Todos os anos, blocos, cordões, bailes, desfiles e carros alegóricos tomam as ruas de nossas cidades para comemorar a festa mais popular de nosso país, o Carnaval. Durante os dias que antecedem a quarta-feira de cinzas, a alegria toma conta de adultos e crianças, e por algumas horas, as pessoas se permitem sair da rotina dando asas à imaginação e à fantasia. A origem da festa remonta ao calendário cristão, pois nos dias que antecediam a Quaresma, tempo marcado pela prática da penitência e do jejum, os cristãos costumavam festejar e se fartar de carne.
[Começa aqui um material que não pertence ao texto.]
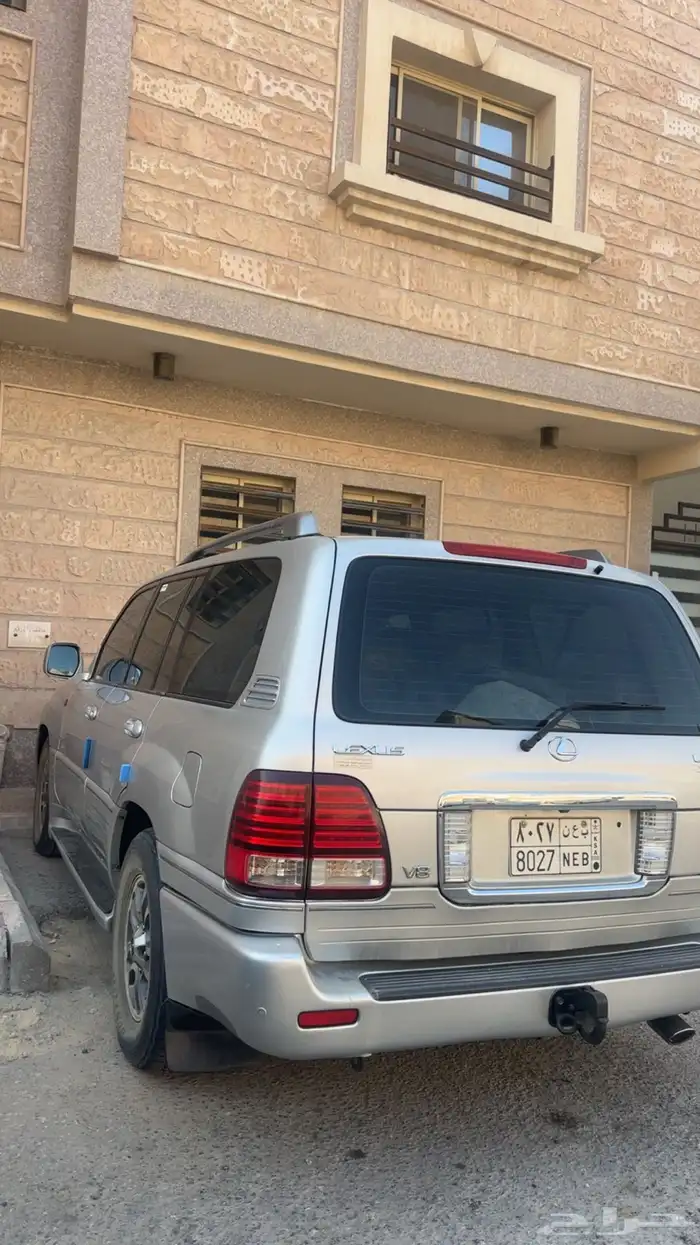 جيب لكزس 2006 0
Assim, encontramos a etimologia da palavra Carnaval, que significa “festa da carne”. Por volta do século XVII, os portugueses introduziram a festa no Brasil, que naquele tempo era chamada de Entrudo. Com o passar do tempo, o Carnaval foi mudando. O caráter religioso da festa acabou cedendo ao caráter profano, e se transformando em objeto do mercado. Hoje, testemunhamos toda sorte de excessos e transgressões durante o Carnaval. A alegria legítima acabou se transformando em artificialidade, com data marcada para começar e terminar.
Diante dos excessos vividos no tempo do Carnaval, da busca pelo prazer imediato, da liberação sem critério dos impulsos, da violência provocada pelo consumo excessivo de bebida, devemos nos perguntar sobre o valor da verdadeira alegria para a nossa vida e sobre o testemunho que podemos dar, como cristãos, para muitos de nossos irmãos que estarão pulando carnaval. Infelizmente, também a alegria foi reduzida a objeto de consumo e confinada a poucos espaços e momentos de lazer. É preciso, então, reencontrar o valor da alegria e exercitar-se cotidianamente para alcançarmos um coração verdadeiramente alegre, livre da falsa alegria, que só está presente no momento da euforia e da diversão. Uma autêntica alegria tem o poder de nos transportar gostosamente para além do tempo, do mundo puramente ordinário e biológico, devolvendo-nos a consciência de que somos chamados a nos realizar plenamente como pessoas, desenvolvendo e aperfeiçoando nossas potencialidades humanas.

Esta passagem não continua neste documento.